** Opening Exercise data block **
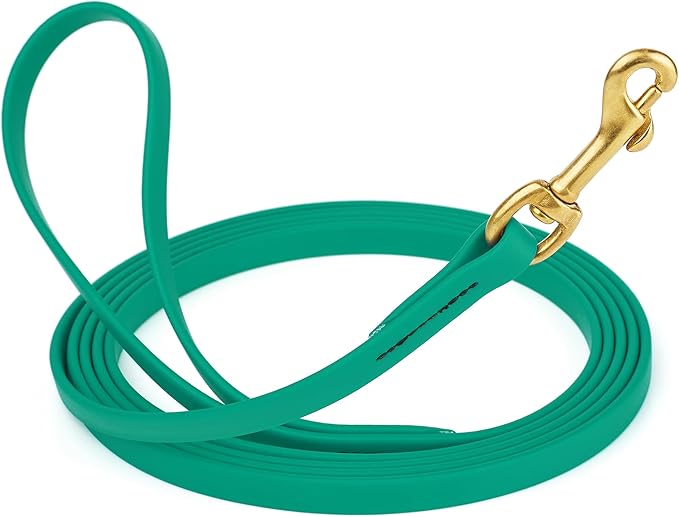 Viper Biothane K9 Working Dog Leash Waterproof Lead for Tracking Training Schutzhund Odor-Proof Long Line with Solid Brass Snap for Puppy Medium and Large Dogs, 15ft Teal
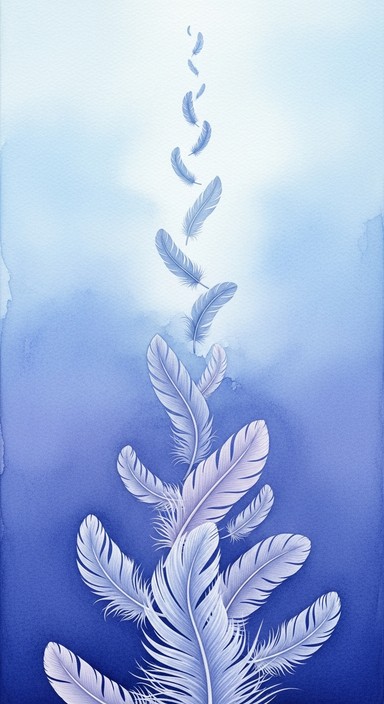 Delicate feathers float upward through a serene sky, transforming from ...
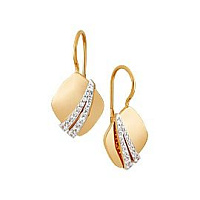 Серьги золотые с фианитами, изображение 1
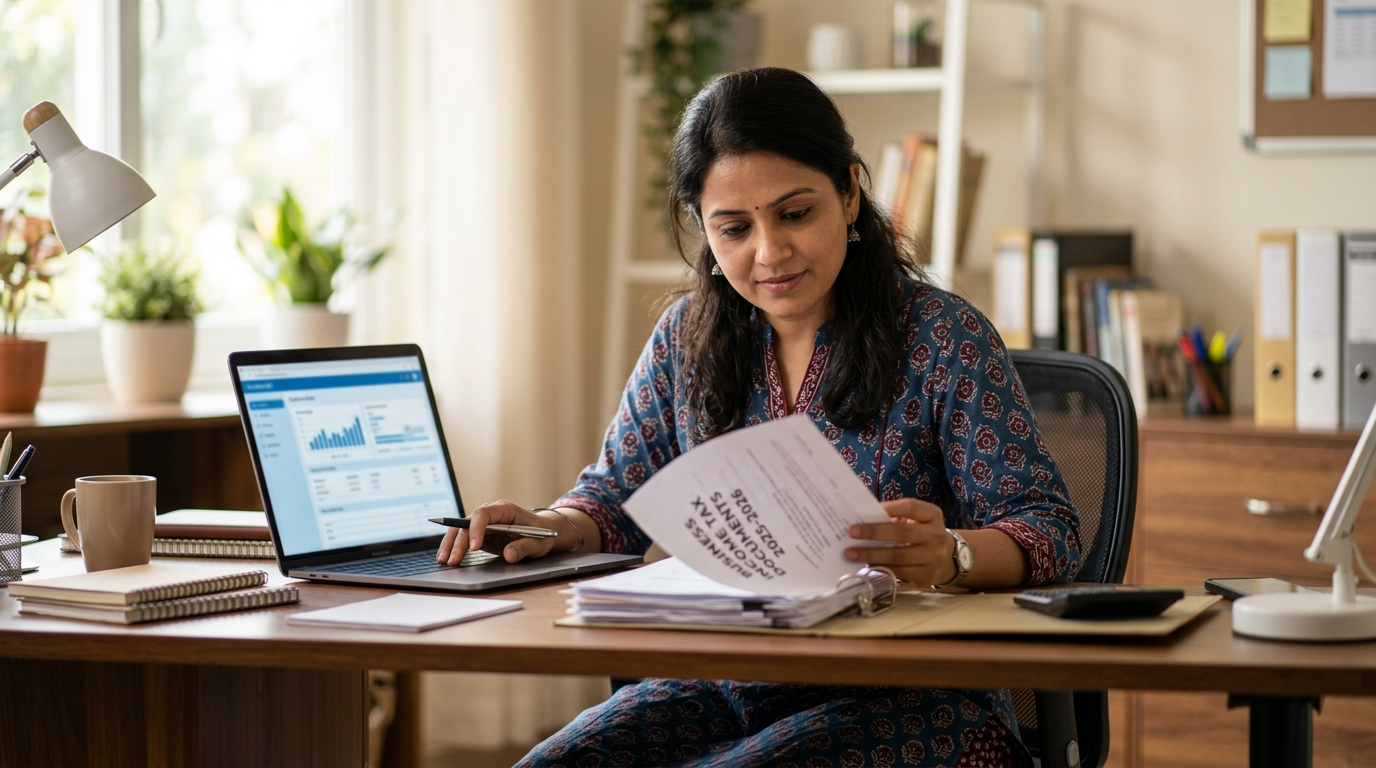 Dropshipping GST रजिस्ट्रेशन के लिए टैक्स दस्तावेज देखता बिजनेस मालिक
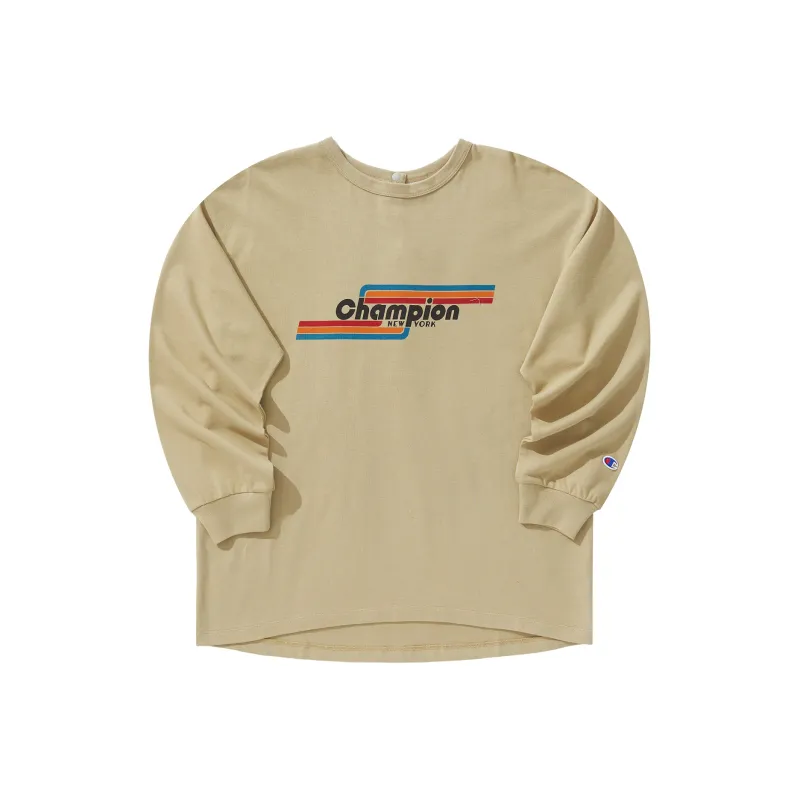 Champion Crew Neck Loose Fit Straight Long Sleeved T Shirt Japan Version Women's-0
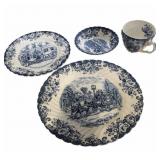 38 pc Blue & White Stagecoach Dish Set COME. SEE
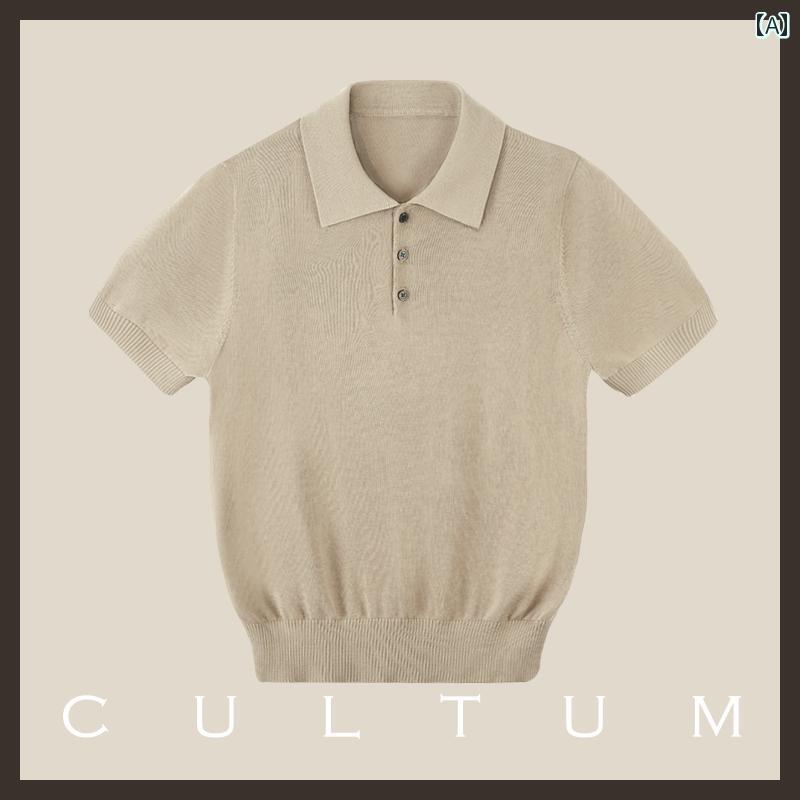 サマーニット 半袖ニット シンプル マルベリー シルク長 繊維 綿 CULTUM 春夏 通気性 ニット ポロシャツ メンズ 半袖 カジュアル ボタニカル シャツ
** Closing Exercise data block **
- _Task objective_:
Print all the entries again exactly as written, but without the pictures.

- _Answer_:
 Viper Biothane K9 Working Dog Leash Waterproof Lead for Tracking Training Schutzhund Odor-Proof Long Line with Solid Brass Snap for Puppy Medium and Large Dogs, 15ft Teal
 Delicate feathers float upward through a serene sky, transforming from ...
 Серьги золотые с фианитами, изображение 1
 Dropshipping GST रजिस्ट्रेशन के लिए टैक्स दस्तावेज देखता बिजनेस मालिक
 Champion Crew Neck Loose Fit Straight Long Sleeved T Shirt Japan Version Women's-0
 38 pc Blue & White Stagecoach Dish Set COME. SEE
 サマーニット 半袖ニット シンプル マルベリー シルク長 繊維 綿 CULTUM 春夏 通気性 ニット ポロシャツ メンズ 半袖 カジュアル ボタニカル シャツ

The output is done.